D’une part, la défense de l’autodétermination du peuple Palestinien, et d’autre part, la préservation du droit de défense israélien. Deux positions défendues avec beaucoup de vigueur et de passion. Parfois trop.
Le journal Le Monde précisait ainsi : « En faisant de Gaza l’axe principal de sa campagne pour les européennes, M. Mélenchon, qui rêve de conquérir le vote des quartiers populaires, a radicalisé ses positions à mesure que le conflit se durcissait ».
Au-delà des quartiers populaires, c’est une véritable mobilisation étudiante qui ressort de
cette position.
Toutefois, cette stratégie véhémente semble, pour l’instant, ne pas porter ses fruits au vu des sondages qui créditent LFI de moins de 10%. Au contraire, à l’opposé de l’échiquier politique, la liste portée par Jordan Bardella compte près du triple d’intention de votes. Tandis que LFI défend -par intérêt ou par conviction- la cause palestinienne, le Rassemblement National reste en retrait, passif.
Un soutien discret à Israël, mais surtout une attaque répétée envers La France Insoumise sur ses positions vis-à-vis du conflit. En somme, une différence dans la stratégie électorale, et plus largement, dans le comportement des leaders face à cette crise. Et c’est bien Jordan Bardella qui semble remporter cette bataille stratégique contre une France insoumise en perte de vitesse, voire d’identité. Il est, de façon évidente, plus facile pour le Rassemblement National d’attaquer La France Insoumise sur ses positions, que de défendre la sienne -passive- de manière acerbe.
Aujourd’hui, cette bataille électorale donne un avantage considérable à l’extrême droite. Et ce, notamment lorsque le leader de la France Insoumise, Jean Luc Mélenchon, compare le président de l’université de Lille à un nazi. Une perte de crédibilité importante dans une bataille électorale qui fait rage.
D’un autre côté, le front présidentiel ou la liste socialiste de Glucksmann se font beaucoup plus discrets sur ce sujet. Et face à la tourmente de LFI, c’est Glucksmann qui semble rallier les anciens mélenchonistes et nostalgiques d’une gauche forte.
Plus largement, ce clivage politique reflète en réalité un clivage sociétal qui ne disparaîtra pas tant que cette région du Moyen-Orient baignera dans le sang.
Plus qu’un clivage, c’est une fracture qui se dessine, notamment avec la mobilisation importante de la jeunesse militante.

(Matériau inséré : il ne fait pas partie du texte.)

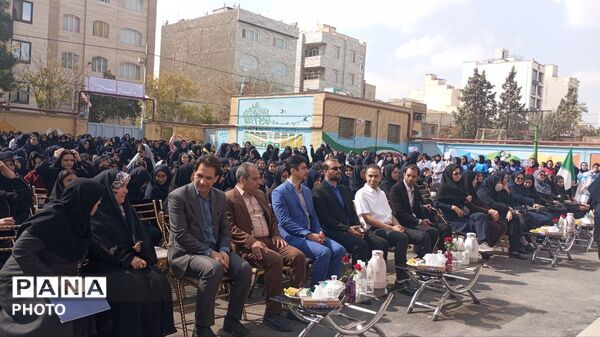 هر دانش آموز یک مهارتدر دبیرستان فائزه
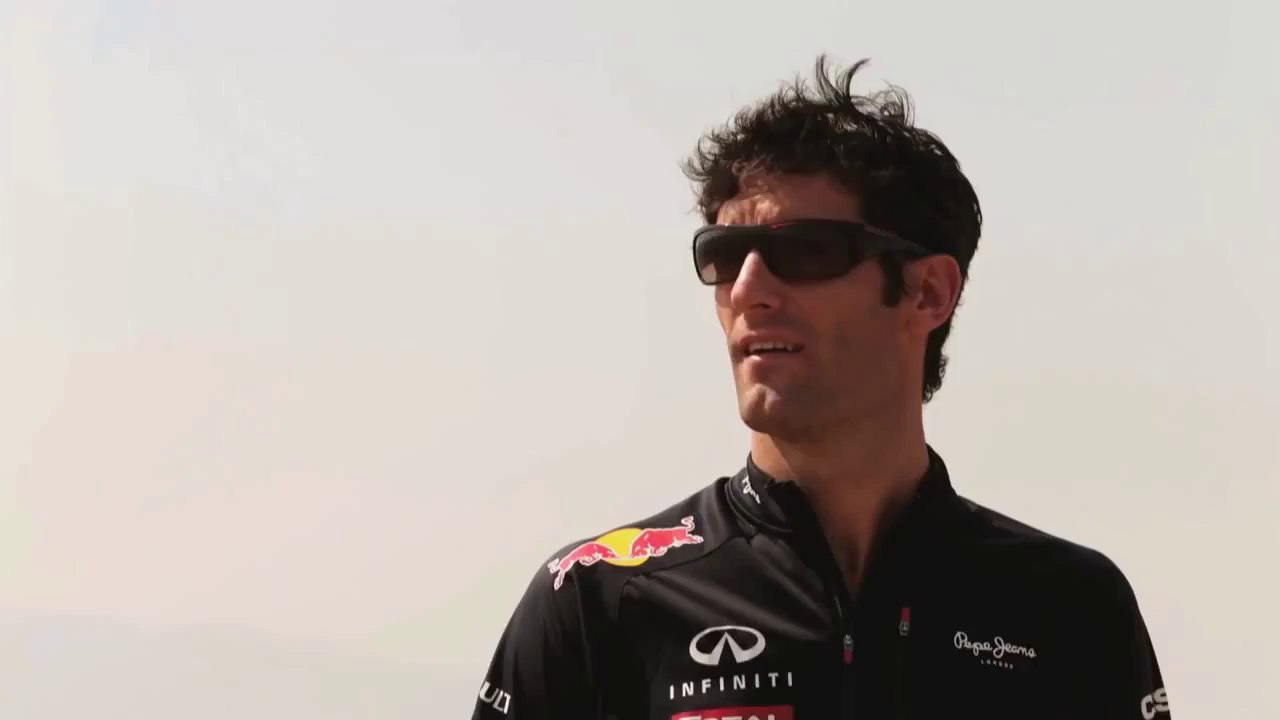 Mark Webber testing Renault Duster in the Oman desert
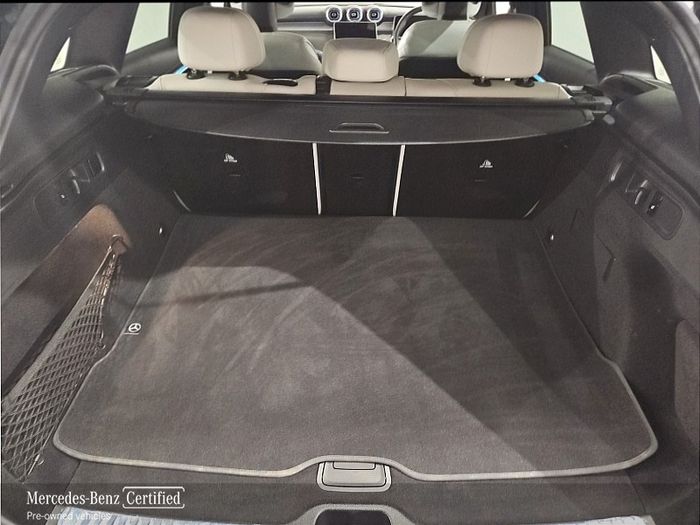Mercedes-Benz GLC 2025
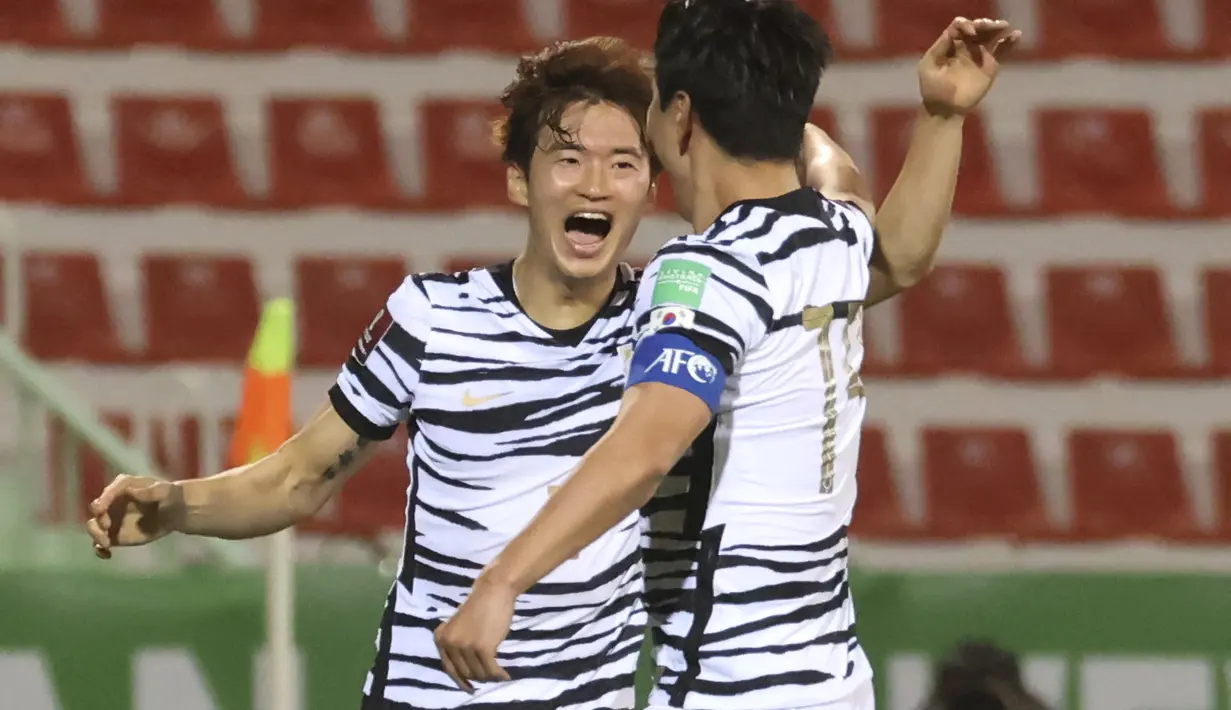 Bek Korea Selatan Kim Jin-su (tengah) berselebrasi setelah mencetak gol ke gawang Suriah pada lanjutan kualifikasi Piala Dunia 2022 zona AFC di Stadion Al-Rashid, di Dubai, Selasa (1/2/2022). Korea Selatan menang atas Suriah 2-0. (AFP/Karim Sahib)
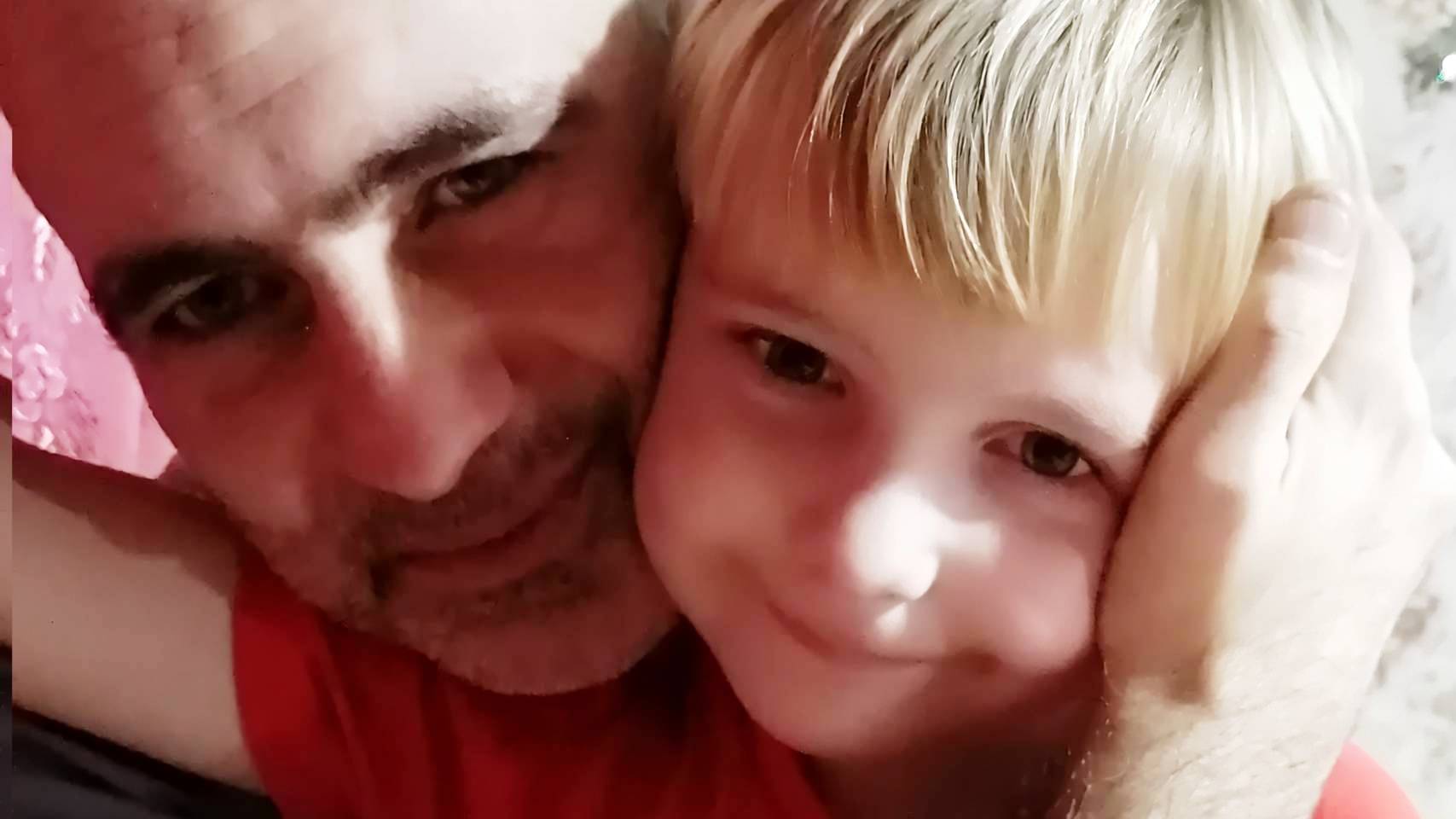 Вячеслав Лавров "Мой любимый сын"  (музыка Вячеслава Лаврова, стихи Ирины Скибиной)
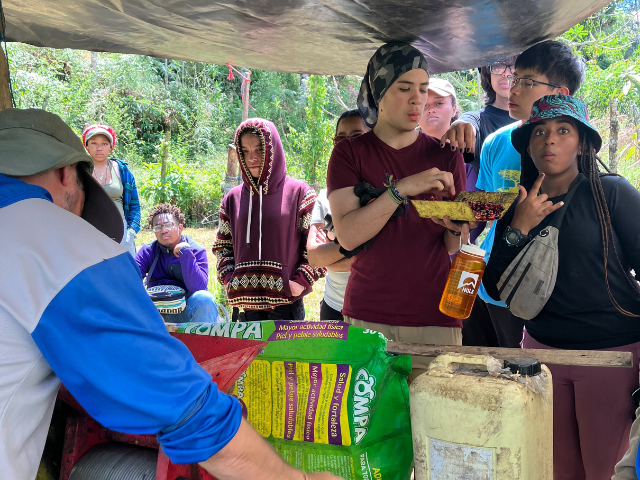 ecuador students handing out food to each other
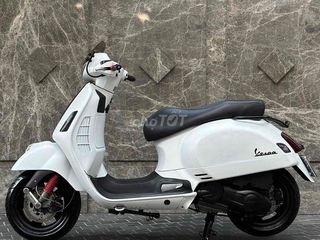 Vespa GTS 2015 trắng Sporty bs43 chính chủ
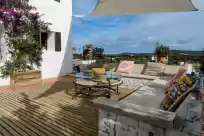 Holiday rentals in Villa reina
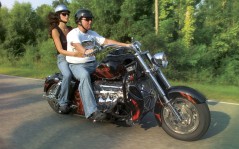 Парень и девушка на мотоцикле / 1920x1200
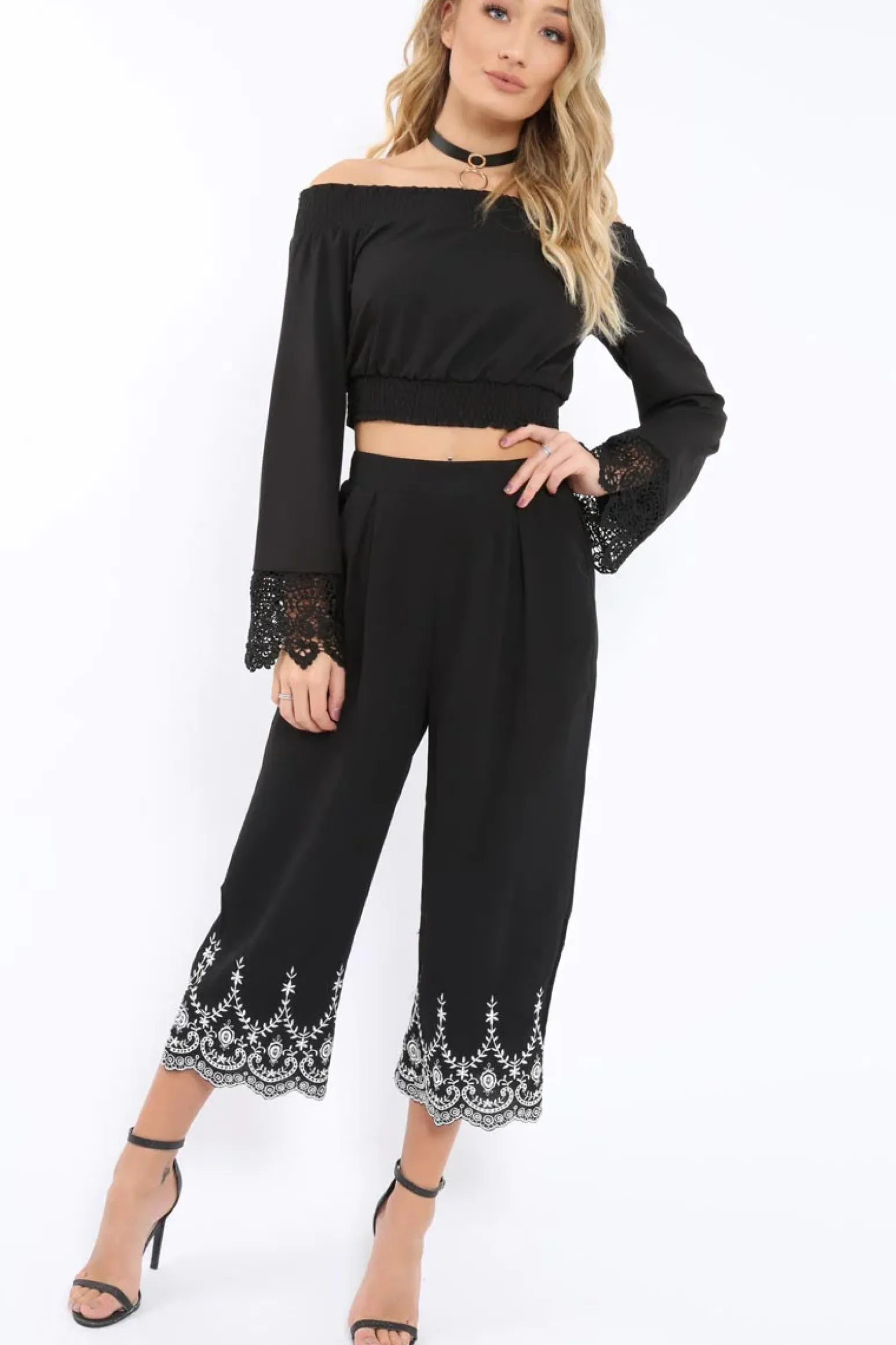 Rebellious Fashion Black Cropped Wide Leg Trousers - Eliana
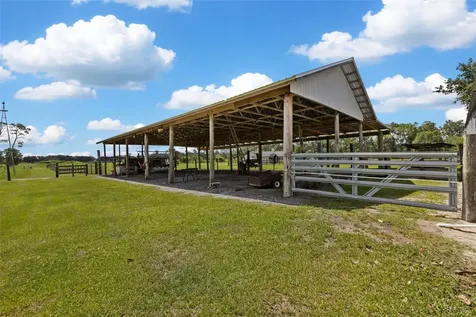 9897 NW 160 Avenue Morriston FL 32668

Des étudiants de Science Po ont ainsi occupé un amphithéâtre de manière illégale en soutien à Gaza, tandis que d’autres étudiants militaient pour la réouverture de l’établissement en brandissant des pancartes exigeant une solution à deux Etats. Mais ils ne sont pas seuls à faire entendre leur voix, les membres de Dauphine-Palestine ou d’autres associations mettent en avant une lutte, un combat. Que ce soit un pays ou un établissement, le résultat est le même : la scission politique, le schisme idéologique se font ressentir.
Mais au-delà des étudiants, c’est tout une classe d’âge qui se mobilise, et qui s’intéresse à un conflit dont même les plus grands historiens ne maîtrisent pas tous les secrets. Plus qu’une guerre idéologique, c’est malheureusement une guerre de l’information qui s’importe en France. Une guerre d’information qui excite les passions et encourage le déversement de haine sur le camp adverse, sans laisser de place au débat.
Dans la rue aussi les tensions montent, les manifestations se font de plus en plus nombreuses et les militants refusent de céder ne serait-ce qu’une parcelle de terrain aux forces de l’ordre.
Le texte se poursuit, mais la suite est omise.